Aoi sentiu seu peito apertar mais uma vez, segurando as lágrimas, não choraria na frente de ninguém, era ainda orgulhoso demais para isso.


–Há quanto tempo? — questionou.


–Hum? – o soldado perguntou de volta, sem compreender.


–Há quanto tempo você sabia disso, soldado? — o general rugiu em ira.


–Eu... — Ryou recuou — … um dia antes do ataque ao acampamento chinês. — confessou por fim.


–E você não alertou seu superior disso? — o timbre rancoroso veio carregado abafado pelo tecido do rosto, fazendo o pobre samurai recuar novamente.


–Eu... — Ryou tentou se explicar — eu... não tinha certeza do que Aoi-sama faria, e... não queria colocar Uruha-san em perigo.. perdão, mas... Uruha-san era alguém honrado e… eu não tive a intenção... — começou a se desesperar ao perceber que de fato o general o mataria. Mas para seu alivio o moreno apenas se virou, liberando um grunhido estranho e levando a mão aos cabelos presos em um sinal de notável confusão.



Para a sua surpresa o general caminhou até a lateral, escondendo os olhos em uma das palmas ao se apoiar em um guardador simples de armas e equipamentos de guerra.



–Esse tempo todo, ele... ele lutou contra aquilo tudo, enfrentou a morte de seus soldados e passou dias em uma prisão nojenta... nesse estado? — as lágrimas queriam ameaçar voltar, seus olhos ardiam e seu peito apertava... “ao menos pra mim é uma dádiva...”... “Eu amo você...”… “...é agora que você diz que me ama?”.... “Yuu...”... “Quando tudo isso acabar eu tenho algo para te dizer...”... “Ao menos pra mim é uma dádiva...” -… pra mim também... é uma dádiva... — sussurrou para si mesmo, segurando o suporte de madeira com força entre os dedos.
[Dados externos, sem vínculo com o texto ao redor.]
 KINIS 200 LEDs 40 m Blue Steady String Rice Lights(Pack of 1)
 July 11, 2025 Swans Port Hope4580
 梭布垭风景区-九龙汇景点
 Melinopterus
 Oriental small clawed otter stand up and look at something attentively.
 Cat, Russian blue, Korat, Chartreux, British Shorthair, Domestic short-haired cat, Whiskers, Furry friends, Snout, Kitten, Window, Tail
Os olhos chorosos se franziram em determinação e o Shiroyama apenas teve o cuidado de enxugar a umidade deles quando se virou para o soldado, imponente e altivo como sempre – Estás de volta ao serviço, serás comandante de minha guarda pessoal, organize-a e recrute mais dois pelotões, marcharemos assim que o sol nascer.
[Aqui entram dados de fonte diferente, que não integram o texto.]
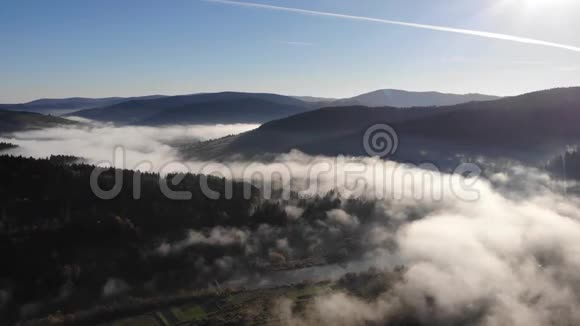 喀尔巴阡山脉令人惊叹的秋季景观晨雾笼罩山谷山坡上的针叶林视频的预览图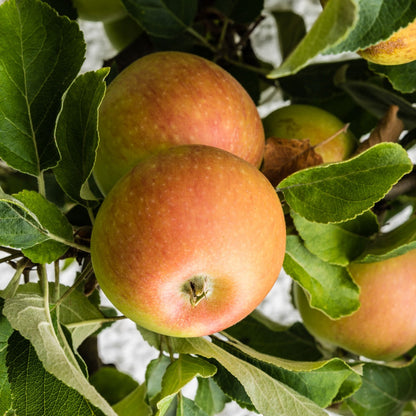  Pommier Cox's Orange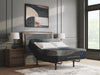 Millennium 2.0 Foam 14 Inch Mattress - CasaBella Furniture (San Antonio, TX)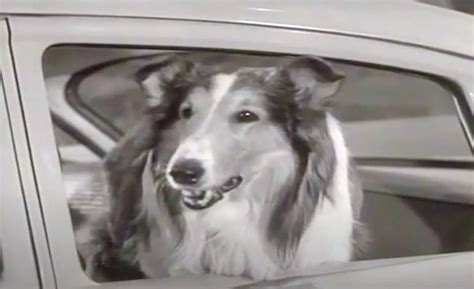 Real Life Us ‘lassie Leads Police To Owners Crashed Car Fairy Dell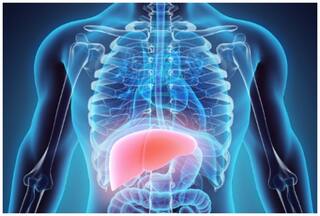 सामान्य रक्त कैंसर का कारण बन सकते हैं हेपेटाइटिस-बी और सी वायरस : शोध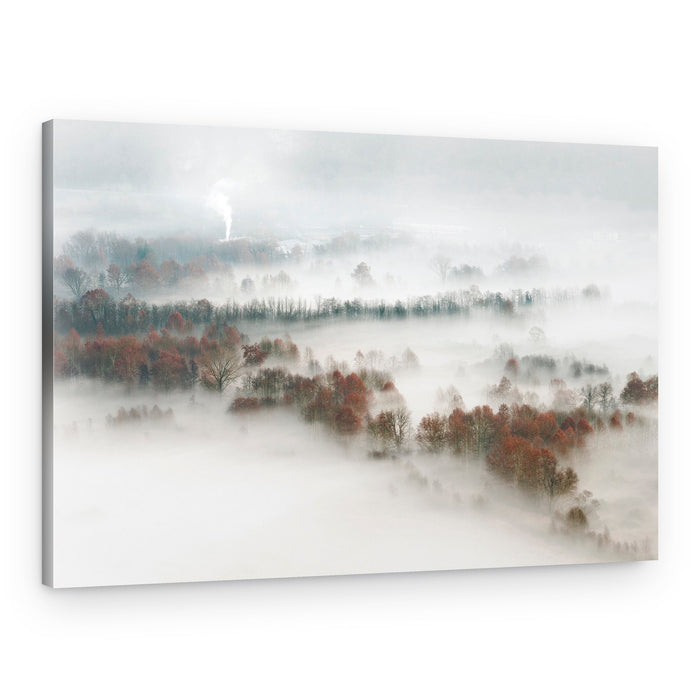 Misty Forest Landscape – Canvas Print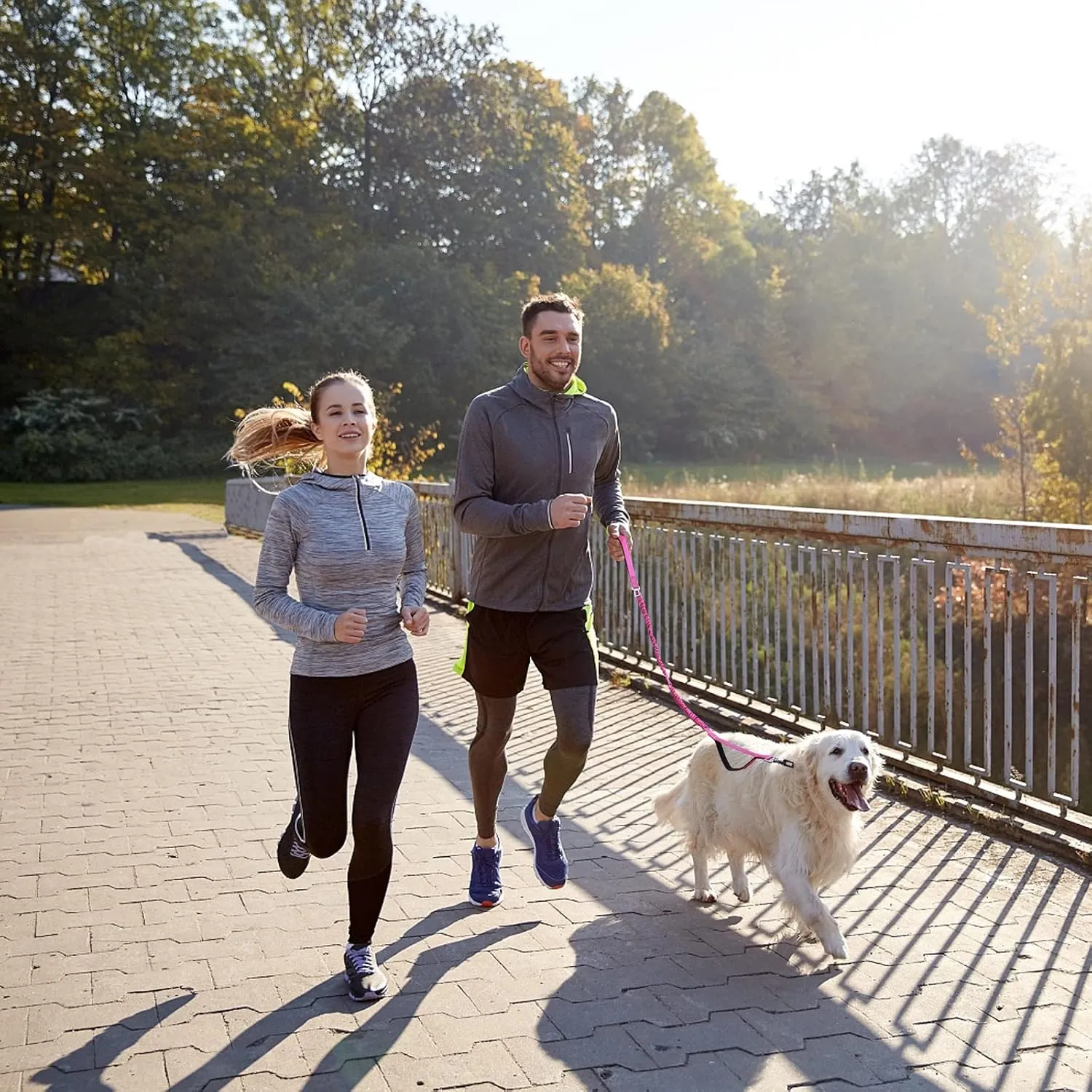 BUMBIN 6Ft Dog Leash - Large & Medium Dogs, Bungee Leash with 2 Handles, No Pull Shock Absorbing, Pink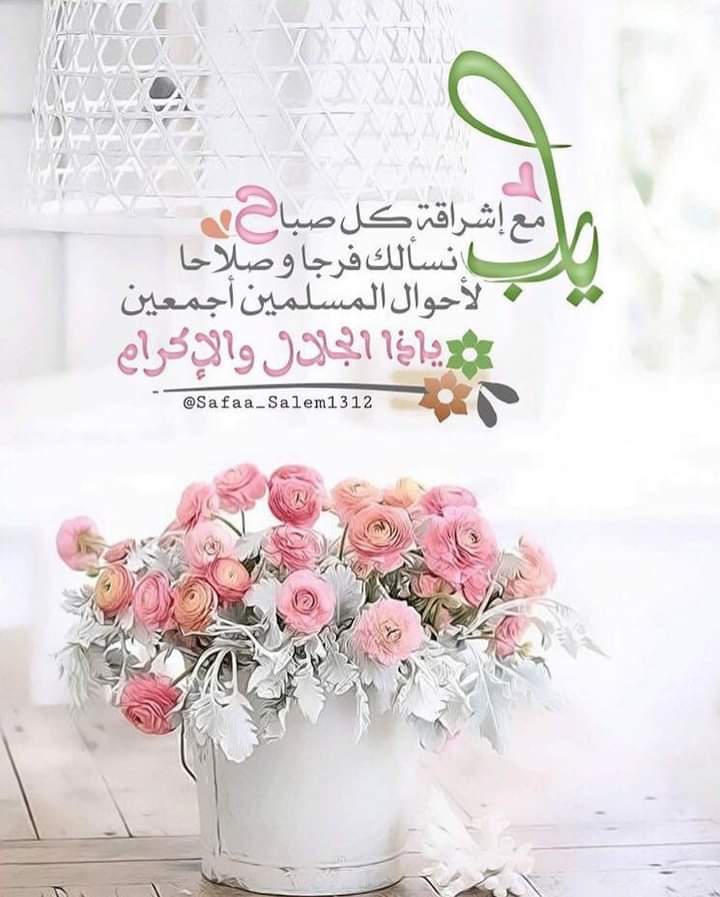 Sitanaahmed Profile Picture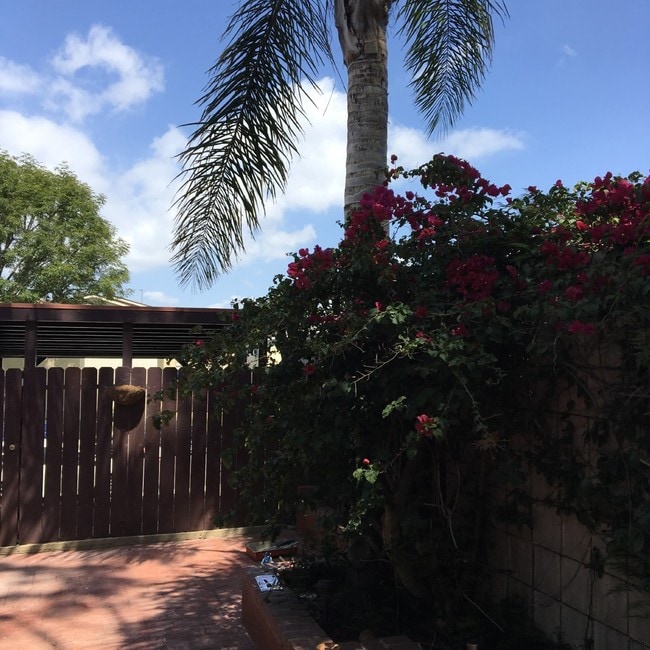 Building Photo - 3721 Corinth Ave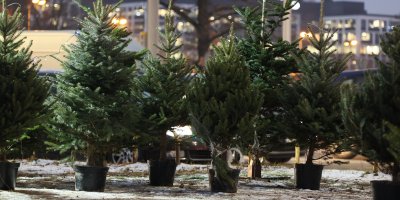 Vánoční stromečky v květináčích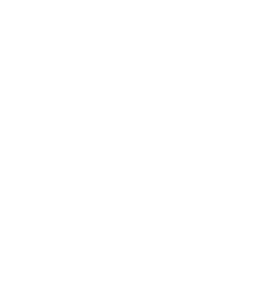 bhkw icon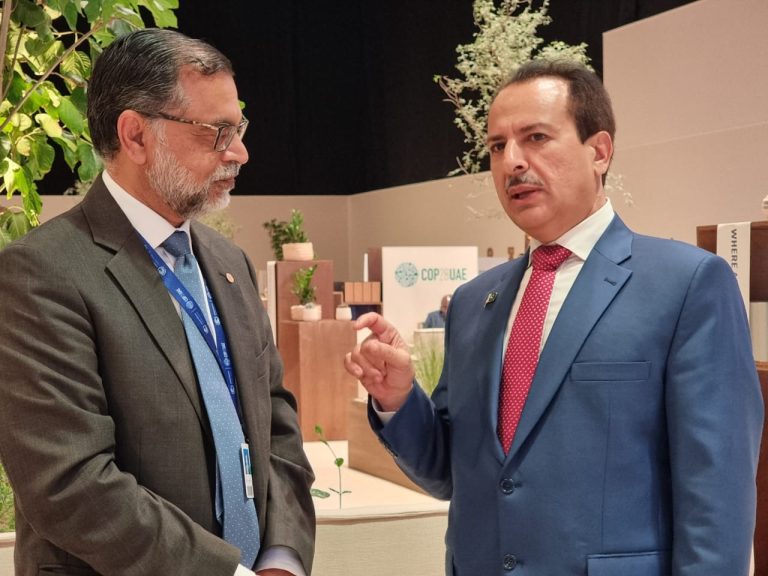 Some Portfolio Title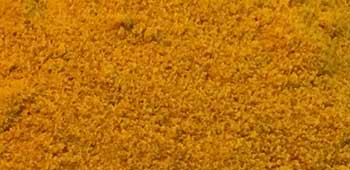 Kurkuma Pulver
…......................................................................................................................................................



As noites pareciam estar cada dia mais escuras e um redor avermelhado destacava a lua cheia no céu, mas a luz de tal satélite natural já não mais iluminava as matas com a mesma vivacidade de antes, assim como os dias haviam se tornado sempre nublados, as noites cada vez mais se ensombreciam de escuridão.



Era no meio de uma floresta de árvores baixas, mas bem fechadas, que a pequena figura encoberta por uma longa capa corria com cuidado e pausando diversas vezes para verificar se nenhum ser, humano ou não, estaria lhe seguindo. O fugitivo parecia carregar algo, já que se mantinha levemente inclinado para frente, e levava algo parecido com um embrulho médio nas costas, que mais se assemelhava a alguma bolsa bem presa ao seu corpo. Já não via um youkai há algumas milhas, então considerava que estaria perto de onde queria chegar, ainda que fosse a primeira vez que fosse para aquela direção, afinal nunca fora necessário passar por ali em seus tempos ainda recentes de mensageiro.



E foi ao avistar o domo translúcido alguns metros a frente que soube estar realmente no local certo, ainda que a cor já não fosse mais vermelha e sim um tom mais escuro, puxado pro vinho e pro preto, seus olhos esbranquiçados permitiam enxergar tal barreira.



Um som manhoso de um início de choro veio de dentro de sua capa e o pequeno se apressou em balançar o que quer que estivesse em seu braços.


–Shiu, já estamos chegando Jew-chan – sussurrou, tomando distância e saltando para mais perto do domo, correndo como um vulto até que estivesse de frente para a barreira, parando por um momento... teria permissão para entrar ali?


A mão se ergueu para tocar o limite translúcido quando um movimento a suas costas o fez se sobressaltar e saltar mais par ao lado, pegando o embrulho de suas costas e colocando-o também a frente de seu corpo para que este ficasse mais protegido.


– Revele-se – a voz distorcida de um ser também encoberto por uma capa e capuz chegou a sua audição, e logo mais meia dúzia de figuras semelhantes se colocaram a o lado dele.


O pequeno respirou fundo e olhou para os lados... estava cercado,mas se aqueles eram alguma espécie de soldados da resistência que ouvira falar, tinha que tentar se mostrar confiável.



O menor pendurou a bolsa de volta nas costas, liberando assim uma das mãos, utilizando-a para abaixar o capuz, revelando os fios loiros e bagunçados, junto aos olhos brancos de pontos negros.



–Me chamo Matsumoto Takanori,era um mensageiro hibrido de Shiroyama... — começou a falar ao perceber que os soldados se sobressaltaram ao se revelar, provavelmente sabia de onde vinha.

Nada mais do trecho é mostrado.